Através da referência dessa citação, patenteia-se a consciência de que o galego está muito mais ligado ao português do que ao castelhano. Em relação ao galego, segundo o Informe Comunitário Produção e Reprodução dos Grupos Minoritários da UE, a situação é bastante satisfatória, somando vinte e um pontos de um máximo possível de vinte oito, relativos ao grau de ameaça de extinção. Talvez seja por isso que não consta entre as línguas em perigo na Europa no Livro Vermelho da UNESCO. A longa história da língua galega e uma consideração serena de sua situação atual no quadro das línguas ibéricas permitem um otimismo moderado quanto à sua perenidade. Inicialmente, segundo tese aceitável de Xavier Frias Conde, o galego-português representou um tronco lingüístico do qual se originaram o galego e o português; esse galego-português foi o veículo de expressão literária dos cancioneiros desde a primeira metade do século XIII. Posteriormente, porém, vicissitudes políticas separaram em dois ramos a língua comum. Enquanto o português acompanhava seus falantes em direção ao sul e absorvia outras influências, como a do moçárabe, o galego integrava um país, cuja língua oficial era o castelhano. Desse modo, a língua dos poetas da chamada Escola Gelego-Castelhana e dos escritores em prosa do século XIV em diante apresenta diferenças consideráveis, que não mais se confunde com o português. O fato de ocupar um território, cuja língua nacional não é a sua de origem, explica as inevitáveis influências castelhanas. Enquanto os escritores, mais conscientes de seu próprio idioma, evitavam cuidadosamente os castelhanismos desnecessários, o povo os assimilava com facilidade. Como o catalão, o galego sofreu restrições no decurso da História, sobretudo sob o regime do Generalíssimo Franco, sendo-lhe impostas as mesmas restrições, citadas acima, que ao catalão. Entretanto, as resistências opostas pelos galegos a tais imposições não foram tão fortes nem tão radicais quanto as dos catalães, divididos aqueles como estavam e, de certo modo, ainda estão, em duas correntes bem distintas. Enquanto uma procura aproximar-se o mais possível do castelhano, outra, mais conservadora, quer revitalizar suas raízes galego-portuguesas. Não é difícil perceber que os primeiros encaram a questão de modo mais político, enquanto os segundos contemplam mais os aspectos lingüísticos, sob cujo ângulo está inseparável e estruturalmente muito mais ligado ao português.

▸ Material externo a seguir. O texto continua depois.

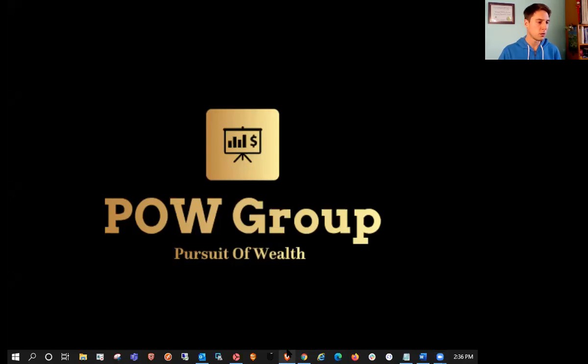Hey marijuana traders and investors, welcome back on the Pursuit of Wealth. Today is Friday, December 4th. Happy Friday. Hope everyone is doing well. And in today's video, we're going to discuss a historic vote that just came through from the House.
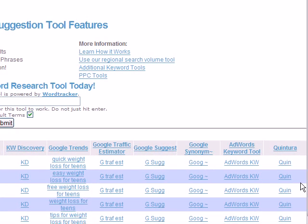Hi everyone, welcome to the second video on keyword research from managemytimenow.com for step-by-step internethelp.com. Alright, let's talk about numbers.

Atualmente, a imensa maioria dos habitantes da Galiza, composta pelas províncias de A Coruña, Lugo, Orense e Pontevedra, bem como nas zonas de fronteira lingüística com as províncias vizinhas de Oviedo, León e Zamora, falam o galego. No campo, geralmente se manteve o monolingüismo galego; as cidades apresentam um panorama mais castelhanizado, embora o galego seja o meio de comunicação no âmbito privado, segundo ficou demonstrado pelo Mapa Sociolingüístico Galego, elaborado desde 1991 pelo Seminário de Sociolingüística da Real Academia Galega. Quanto ao número de falantes, divergem os dados, mesmo os fornecidos pela Internet. Conforme o Mapa Sociolingüístico Galego, de um total de 2.659.578 pessoas, entendem o galego 2.455.000 e 2.100.000 o falam. O Informe Comunitário da União Européia dá um total de 2.420.000 falantes, assinalando ainda que “o fomento das línguas na Espanha, nos últimos anos, tem sido muito grande”, só comparável ao observado na Bélgica e na Suíça, países que têm mais de uma língua oficial em seu território.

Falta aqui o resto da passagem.